Con l'occupazione francese di Roma, il palazzo Doria Pamphili divenne il quartier generale del comandante J.-B. Cervoni, che, in segno di gratitudine, fece "all'ex-Principe Doria ... un ragguardevole dono di scelto Zucchero, e Caffè" (Monitore di Roma, 28 marzo 1798, p. 90); a salvaguardia della proprietà, all'appartamento nobile del D. vennero apposti i sigilli. I buoni rapporti stretti con gli occupanti non gli evitarono il pagamento di ingenti somme di denaro, a cui fu sottoposto fin dal febbraio 1798 come tutti gli altri nobili. Onde evitare altre pesanti perdite patrimoniali, nel maggio decise di spedire segretamente a Vienna, presso la cognata Gabriella Lobkowitz, 2.000 zecchini doro e i gioielli di famiglia. Le autorità francesi riuscirono però a impossessarsi del celebre e ricchissimo ostensorio di S. Agnese in piazza Navona, di sua proprietà.

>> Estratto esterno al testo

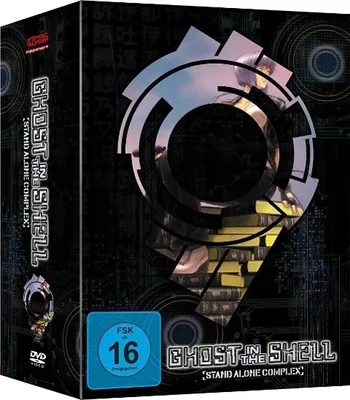 Produktbild von Ghost in the Shell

Privato dei titoli e degli onori, al "cittadino" D. toccò iscriversi alla guardia nazionale e prestarvi servizio come soldato semplice. Nel 1799 gli vennero però affidati incarichi di maggiore responsabilità: dopo essere stato riconosciuto come "cittadino zelante, e probo, il di cui credito è uguale al civismo" (Arch. Doria Pamphili, scaff. 93/55, int. 2), venne chiamato dal ministero della Guerra ad amministrare gli ospedali militari di Roma ed anche a far parte dell'amministrazione generale dell'approvvigionamento della città.

Come presidente dell'Annona (incarico ricoperto anche durante l'occupazione napoletana, fino al 24 genn. 1800) dovette poi affrontare il gravissimo problema della sussistenza, per ovviare al quale intraprese misure di vario genere, come, ad esempio, la proibizione dell'estrazione dei generi frumentari e la consegna di tutti i raccolti di questo prodotto (ottobre 1799).

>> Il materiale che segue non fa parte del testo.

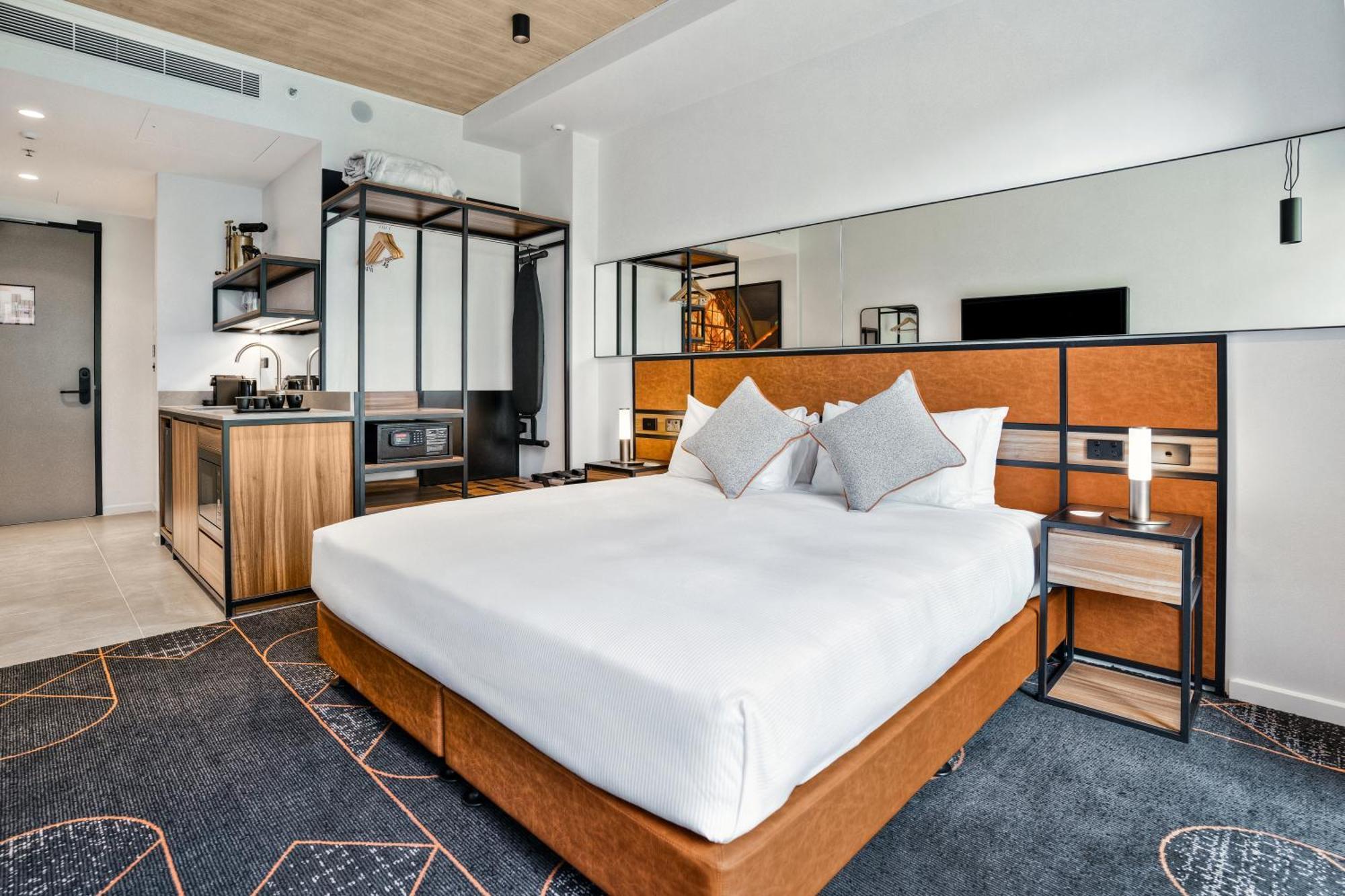 Hoteloco Sydney Bagian luar foto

Rimasto nell'ombra durante la prima restaurazione pontificia, con la nuova occupazione francese nel 1808 lo ritroviamo rivestito "dell'onorifica rappresentanza di Primo Difensore, ossia Capo del Tribunale dell'Agricoltura Romana"; l'anno seguente fu designato tra i sessanta membri del Senato romano e nel 1810 il prefetto C. de Tournon lo nominò membro del Consiglio dipartimentale di Roma, carica a cui però il D. preferì rinunciare adducendo motivi di salute. Le medesime motivazioni vennero da lui presentate quando il prefetto lo nominò membro del col.legio elettorale del circondario di Roma e candidato alle assemblee cantonali (febbraio 1812).

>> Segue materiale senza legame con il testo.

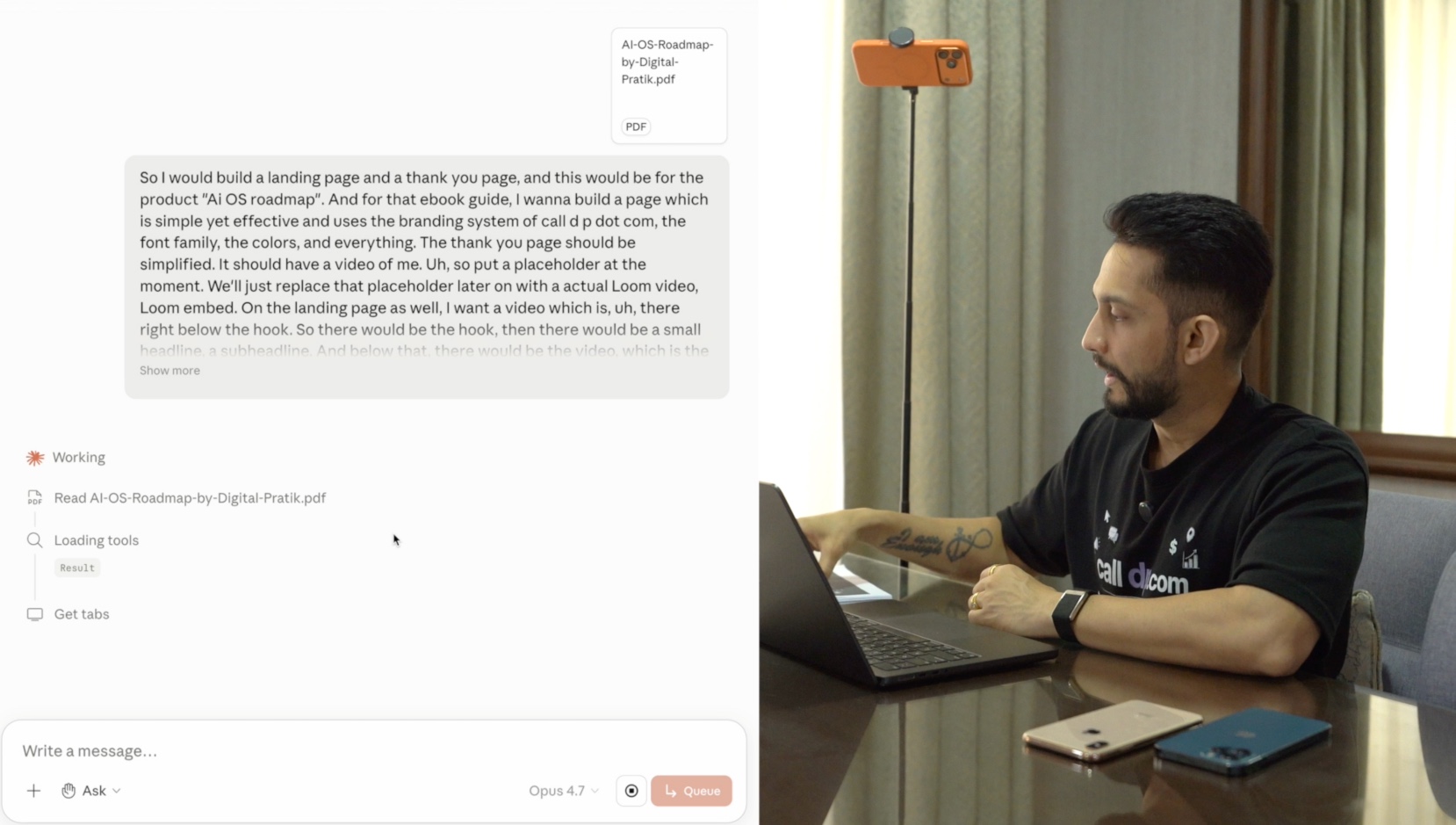 Inside DPIC. community execution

Una maggiore disponibilità il D. manifestò, invece, nei confronti di Gioacchino Murat dopoché le armate napoletane occuparono Roma, concordemente con l'atteggiamento assunto dal figlio Carlo (rifiutatosi dapprima di servire Napoleone e recatosi poi a Napoli a rendere omaggio al Murat). Da questo venne infatti nominato gran dignitario dell'Ordine reale delle Due Sicilie (28 genn. 1814) e membro del Consiglio comunale del dipartimento di Roma, insieme con P. Altieri e con Antonio Canova.

Con la Restaurazione il D. tornò alle antiche consuetudini tipiche dell'aristocrazia pontificia. Morì il 28 marzo 1820 a Roma, lasciando erede universale il figlio Luigi Giovanni Andrea.

Il suo nome è legato anche alla storia culturale e artistica romana. Membro dell'Arcadia con il nome di Idaro Tessalico e dell'Accademia di S. Luca, egli si occupò di poesia e di letteratura in genere (creando una biblioteca privata ben fornita in questo campo) e di studi musicali.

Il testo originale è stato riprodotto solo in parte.